特に父は、「いろんな経験をしてほしい」と思っていたようで、海外にもよく連れていってもらった。
また、「バイカルチャーチルドレン」と呼ばれている、ハーフや海外経験のある子どもたちの集まりにも頻繁に参加していたのを覚えている。
そこにはいろいろな国籍の人たちが集まっていたから、肌の色も人それぞれだった。
ある時、ひとりの子どもが「肌色って、なんで “肌” 色っていうの?」と発言したことがある。
「今は正式名称では “うすだいだい” になっていますが、“肌色” って、よく考えればかなり差別的ですよね」
多くの日本人は「肌の色=うすだいだい」と即座にイメージするだろうし、それを肌色と呼ぶことが差別につながるとも考えたりしないだろう。

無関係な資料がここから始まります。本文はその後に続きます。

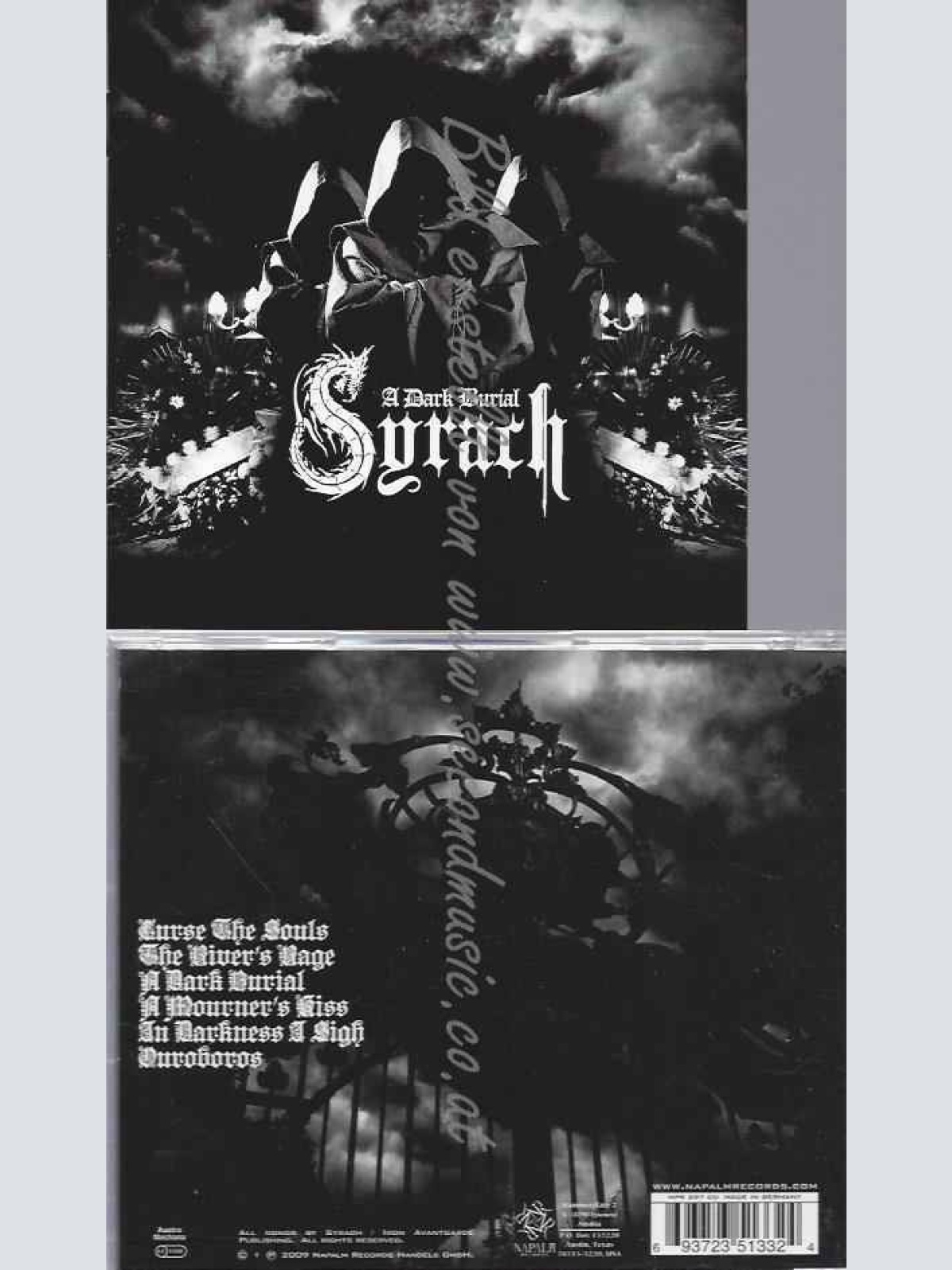 CD--SYRACH | --A DARK BURIAL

「でも、日本で暮らしていたら仕方ないですよね。異なる文化に接してみないとわからないこともあるよなと思います」
その点、自分は小さい頃から人種の多様性に触れる機会があって、恵まれていたと思う。
02同性を好きになっていいなんて知らなかった
女の子はあくまで “親友”
初恋は小学生の頃。
「私、同じクラスに好きな男子が4人いたんですよ(笑)」
20歳になるまで、恋心を抱くのは全員男性だった。
「女の子のことも好きといえば好きだったんですけど、やっぱり当時は “親友” だと思っていたんです」
「でも、もし今の心のまま学生時代をやり直すとしたら、もっと自由に恋愛してたんじゃないかなって思います」
女性同士が恋愛関係になることがあるなんて知らなかった。
知らなかったからこそ、考えることもなかったのだ。
「だから、20歳になるまではヘテロセクシュアルとして生きていました」
部活動にどっぷり
中学は公立校に進学。部活は吹奏楽部に入った。
「もともと音楽が好きだったし、ブラスバンドへの憧れがあったんです」
「本当はフルートかクラリネットが良かったんですけど、背が高かったから、半ば無理やりトロンボーンにされちゃいました(笑)」
中学時代は、部活一色といってもいいほど。
「ある時、私が下校時刻を過ぎても校内に残っていたことがあって、それが原因で部活動がしばらく停止になっちゃったんです」
その時、顧問の先生にひどく怒られたのだが、仲の良かった部員たちは自分をかばってくれた。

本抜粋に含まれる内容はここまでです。